There are books that you read, and then there are books that from the moment you open the first page you know that something is going to be different. Books that cause your soul to leap inside with signs of life that you once thought lost. Books that bring tears of hope and restoration to the surface, drawing them out from caverns they’ve been hiding in. Beloved Dust is one of those books.

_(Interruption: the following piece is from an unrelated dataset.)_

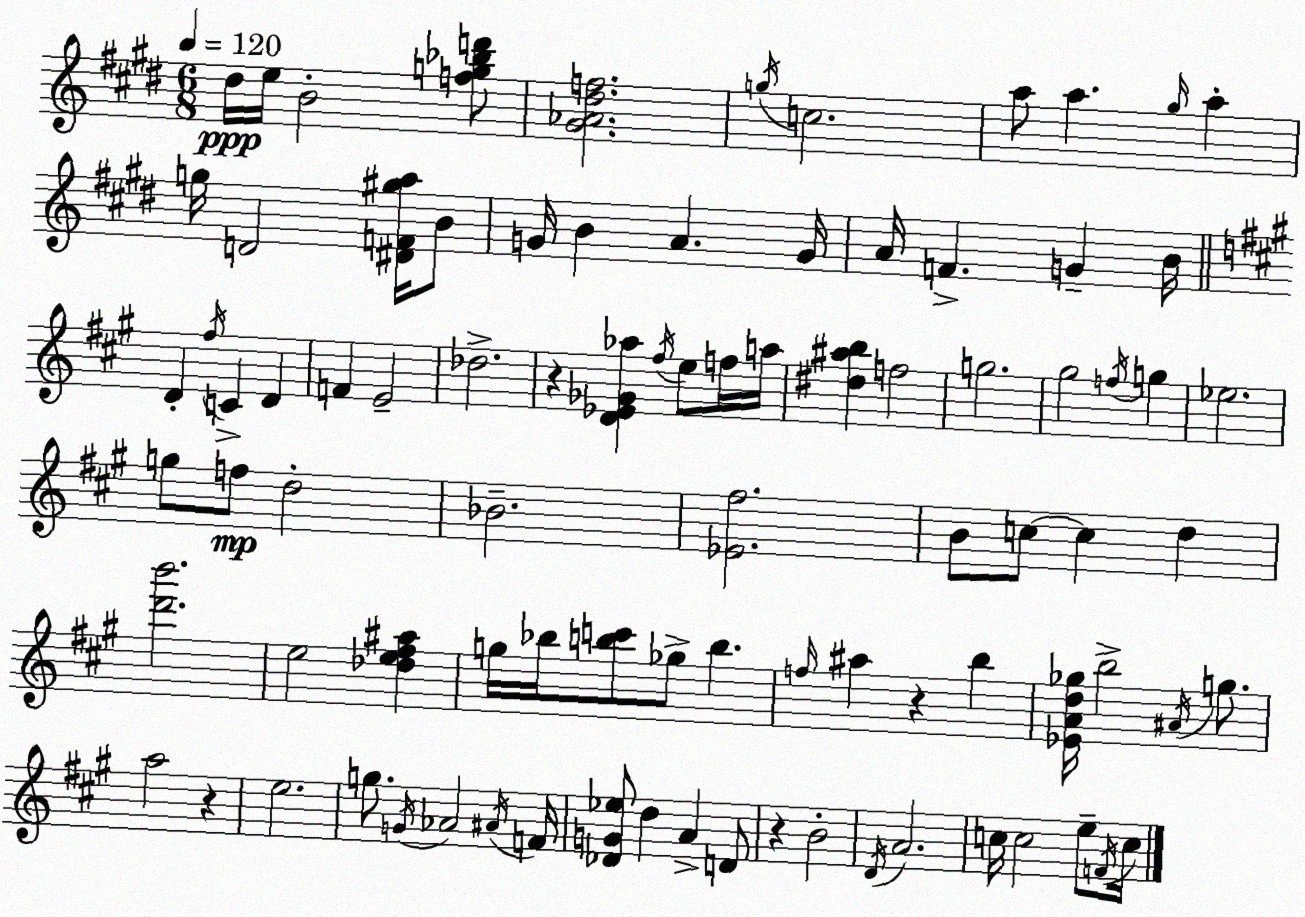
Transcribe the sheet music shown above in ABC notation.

I’m a pastor. I serve on the staff of a multi-site church in Ohio. My role in the last few months has shifted. I’ve moved from a place of comfort to a place of risk. It was a step I knew I needed to take, yet it was a step I feared more than any I’ve taken in a long time. Truthfully I’d come to a place where I was relying a lot on the talents and gifts God had given me to push forward in ministry rather than relying on God. I had been working like it depended on me and ignoring God. So when I finally wised up to the Holy Spirit’s promptings on my heart it was a difficult but, needed change. I needed to realized that I was “dust”. I was creation, not Creator. Until I began to understand more of this truth I would never be able to clearly hear the voice of God and obey the call He had put on my heart.

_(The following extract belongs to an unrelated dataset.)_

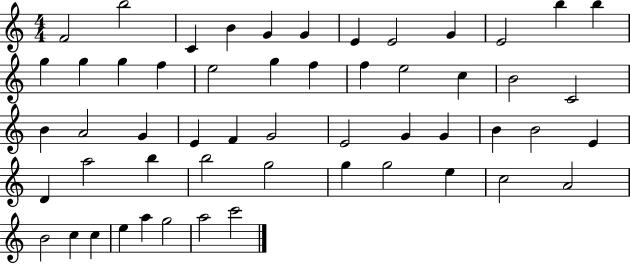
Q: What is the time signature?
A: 4/4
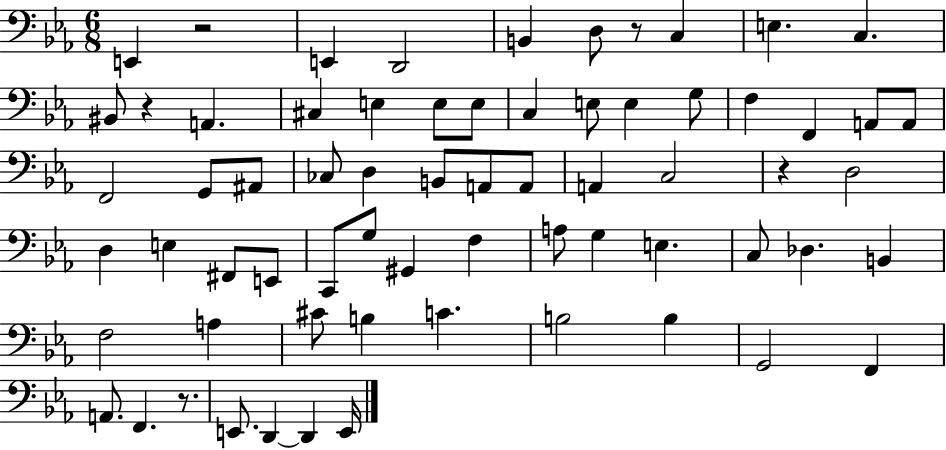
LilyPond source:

We’ve all been there haven’t we?
Thinking we are more than we are…
Believing that everything is in our control…
Yet we couldn’t be lying to ourselves more, and we know it.
We are dust.
Beloved dust.
To say that this book came along at just the right time is an understatement. Goggin and Strobel dive deep into what it means to be human. It begins “in the beginning” as the Creator forms the dust of the ground and breathes life into it to form Adam. Until God breathes into him, Adam is dust. It’s God’s mark on Adam that makes him more. The apostle Paul writes in Ephesians 2:10 that we are God’s masterpiece. We are a workmanship approved by the Master. It’s in understanding that we are dust, but we are beloved by God that this book takes its deepest roots. Identity in who God has created us to be is one of the most fundamental aspects of the Christian journey.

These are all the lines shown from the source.